● **About this task**:
From the data below, please reproduce exactly everything from the line that contains "OLYMP Short Sleeve" down to the line that contains "280, THRONE ROAD, ROWLEY", with both ends included.

● **Dataset content**:

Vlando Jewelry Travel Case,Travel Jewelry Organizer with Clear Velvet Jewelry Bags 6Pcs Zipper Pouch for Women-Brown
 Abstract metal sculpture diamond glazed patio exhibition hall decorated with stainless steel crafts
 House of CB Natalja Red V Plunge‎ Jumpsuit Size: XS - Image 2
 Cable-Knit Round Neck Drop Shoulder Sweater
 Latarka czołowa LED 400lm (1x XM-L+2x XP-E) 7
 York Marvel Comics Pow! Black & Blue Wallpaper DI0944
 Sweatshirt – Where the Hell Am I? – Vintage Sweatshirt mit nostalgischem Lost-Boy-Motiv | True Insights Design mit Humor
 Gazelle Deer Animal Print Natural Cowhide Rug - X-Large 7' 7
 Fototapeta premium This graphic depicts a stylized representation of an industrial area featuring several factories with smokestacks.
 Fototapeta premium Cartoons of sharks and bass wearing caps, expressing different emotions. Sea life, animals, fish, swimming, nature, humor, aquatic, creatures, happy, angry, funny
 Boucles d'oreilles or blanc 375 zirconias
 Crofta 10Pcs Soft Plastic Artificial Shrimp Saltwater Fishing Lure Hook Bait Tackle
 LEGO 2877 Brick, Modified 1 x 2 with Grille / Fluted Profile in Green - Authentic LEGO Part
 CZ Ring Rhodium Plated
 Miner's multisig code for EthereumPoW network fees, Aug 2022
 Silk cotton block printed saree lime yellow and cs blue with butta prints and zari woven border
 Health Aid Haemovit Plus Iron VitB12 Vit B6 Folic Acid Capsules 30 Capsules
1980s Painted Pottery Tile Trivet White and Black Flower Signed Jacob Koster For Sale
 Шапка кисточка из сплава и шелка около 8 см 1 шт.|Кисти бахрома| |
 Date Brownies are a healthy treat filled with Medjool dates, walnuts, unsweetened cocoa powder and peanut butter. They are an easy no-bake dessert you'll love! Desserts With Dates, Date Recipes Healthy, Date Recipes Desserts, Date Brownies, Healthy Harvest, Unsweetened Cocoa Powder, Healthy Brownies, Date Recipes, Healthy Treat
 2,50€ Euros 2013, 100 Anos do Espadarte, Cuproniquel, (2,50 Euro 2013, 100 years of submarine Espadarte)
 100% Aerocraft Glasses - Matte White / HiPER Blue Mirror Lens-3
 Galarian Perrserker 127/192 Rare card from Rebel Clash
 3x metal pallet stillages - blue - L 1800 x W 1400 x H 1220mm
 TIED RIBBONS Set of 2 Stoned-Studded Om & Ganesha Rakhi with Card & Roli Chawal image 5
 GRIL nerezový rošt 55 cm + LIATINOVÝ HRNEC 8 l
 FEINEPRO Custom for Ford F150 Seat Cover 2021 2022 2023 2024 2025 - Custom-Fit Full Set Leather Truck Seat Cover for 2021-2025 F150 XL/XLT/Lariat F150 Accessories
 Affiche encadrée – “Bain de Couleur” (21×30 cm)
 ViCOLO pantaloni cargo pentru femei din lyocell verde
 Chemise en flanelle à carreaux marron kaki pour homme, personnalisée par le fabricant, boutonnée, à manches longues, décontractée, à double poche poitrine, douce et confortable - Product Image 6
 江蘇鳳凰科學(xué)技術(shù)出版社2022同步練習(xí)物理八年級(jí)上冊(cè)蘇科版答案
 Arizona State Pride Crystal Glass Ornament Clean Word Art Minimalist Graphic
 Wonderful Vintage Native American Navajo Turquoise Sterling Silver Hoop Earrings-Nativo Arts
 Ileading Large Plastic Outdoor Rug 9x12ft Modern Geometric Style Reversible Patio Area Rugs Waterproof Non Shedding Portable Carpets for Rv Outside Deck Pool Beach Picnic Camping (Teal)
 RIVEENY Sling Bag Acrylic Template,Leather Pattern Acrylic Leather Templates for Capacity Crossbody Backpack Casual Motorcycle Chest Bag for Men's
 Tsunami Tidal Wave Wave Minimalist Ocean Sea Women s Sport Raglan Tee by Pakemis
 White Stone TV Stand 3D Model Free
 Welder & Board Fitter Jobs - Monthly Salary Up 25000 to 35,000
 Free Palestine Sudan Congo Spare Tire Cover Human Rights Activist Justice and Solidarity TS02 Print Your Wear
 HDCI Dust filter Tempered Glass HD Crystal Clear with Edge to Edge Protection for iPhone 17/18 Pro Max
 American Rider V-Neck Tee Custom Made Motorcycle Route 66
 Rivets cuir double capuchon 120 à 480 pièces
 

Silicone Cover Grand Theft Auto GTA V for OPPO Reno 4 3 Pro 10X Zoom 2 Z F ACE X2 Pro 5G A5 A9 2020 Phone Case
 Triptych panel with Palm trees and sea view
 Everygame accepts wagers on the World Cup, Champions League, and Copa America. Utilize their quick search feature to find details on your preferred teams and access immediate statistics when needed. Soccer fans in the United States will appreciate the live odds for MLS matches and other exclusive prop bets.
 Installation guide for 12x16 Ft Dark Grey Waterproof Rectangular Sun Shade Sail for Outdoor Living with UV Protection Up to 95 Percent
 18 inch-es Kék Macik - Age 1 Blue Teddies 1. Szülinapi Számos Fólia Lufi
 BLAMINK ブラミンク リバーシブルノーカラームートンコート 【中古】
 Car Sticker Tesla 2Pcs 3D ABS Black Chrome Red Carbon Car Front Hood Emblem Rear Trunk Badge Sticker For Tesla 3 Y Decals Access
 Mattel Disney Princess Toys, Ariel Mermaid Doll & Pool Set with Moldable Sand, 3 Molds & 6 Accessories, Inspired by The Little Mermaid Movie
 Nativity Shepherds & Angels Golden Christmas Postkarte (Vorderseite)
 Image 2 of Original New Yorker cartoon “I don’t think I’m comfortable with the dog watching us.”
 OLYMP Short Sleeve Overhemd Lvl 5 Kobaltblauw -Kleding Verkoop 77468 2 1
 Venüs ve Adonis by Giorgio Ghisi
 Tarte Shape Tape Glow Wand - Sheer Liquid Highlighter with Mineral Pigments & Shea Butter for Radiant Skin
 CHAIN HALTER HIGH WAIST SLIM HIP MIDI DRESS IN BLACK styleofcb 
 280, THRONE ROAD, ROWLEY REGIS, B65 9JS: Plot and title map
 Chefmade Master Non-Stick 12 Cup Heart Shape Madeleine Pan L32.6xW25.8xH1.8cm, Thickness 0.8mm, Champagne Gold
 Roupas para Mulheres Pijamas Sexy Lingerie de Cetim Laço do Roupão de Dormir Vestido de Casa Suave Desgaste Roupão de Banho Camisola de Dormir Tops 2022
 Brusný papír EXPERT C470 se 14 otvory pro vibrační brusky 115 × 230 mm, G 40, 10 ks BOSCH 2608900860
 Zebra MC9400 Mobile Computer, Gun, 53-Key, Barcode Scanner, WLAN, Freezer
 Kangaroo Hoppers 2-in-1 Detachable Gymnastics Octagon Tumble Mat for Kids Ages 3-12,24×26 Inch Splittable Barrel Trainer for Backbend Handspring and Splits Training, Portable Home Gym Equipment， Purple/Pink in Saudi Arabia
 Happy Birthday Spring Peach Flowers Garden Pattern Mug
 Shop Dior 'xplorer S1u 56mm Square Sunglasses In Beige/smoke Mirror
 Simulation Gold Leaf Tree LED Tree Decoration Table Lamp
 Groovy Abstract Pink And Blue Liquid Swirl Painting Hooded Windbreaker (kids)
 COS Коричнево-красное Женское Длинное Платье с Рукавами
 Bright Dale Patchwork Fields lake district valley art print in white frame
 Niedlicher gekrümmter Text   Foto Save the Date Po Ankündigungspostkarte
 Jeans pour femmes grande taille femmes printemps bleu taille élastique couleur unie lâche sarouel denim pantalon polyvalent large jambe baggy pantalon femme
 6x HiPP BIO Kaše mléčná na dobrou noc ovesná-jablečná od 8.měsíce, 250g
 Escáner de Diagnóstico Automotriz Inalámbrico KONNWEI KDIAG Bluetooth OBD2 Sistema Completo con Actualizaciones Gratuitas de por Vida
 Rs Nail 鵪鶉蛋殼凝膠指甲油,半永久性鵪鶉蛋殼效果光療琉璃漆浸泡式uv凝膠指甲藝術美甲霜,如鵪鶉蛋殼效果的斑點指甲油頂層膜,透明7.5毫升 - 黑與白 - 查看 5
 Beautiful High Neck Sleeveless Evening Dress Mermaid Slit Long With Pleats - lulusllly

● **Final answer**:
 OLYMP Short Sleeve Overhemd Lvl 5 Kobaltblauw -Kleding Verkoop 77468 2 1
 Venüs ve Adonis by Giorgio Ghisi
 Tarte Shape Tape Glow Wand - Sheer Liquid Highlighter with Mineral Pigments & Shea Butter for Radiant Skin
 CHAIN HALTER HIGH WAIST SLIM HIP MIDI DRESS IN BLACK styleofcb 
 280, THRONE ROAD, ROWLEY REGIS, B65 9JS: Plot and title map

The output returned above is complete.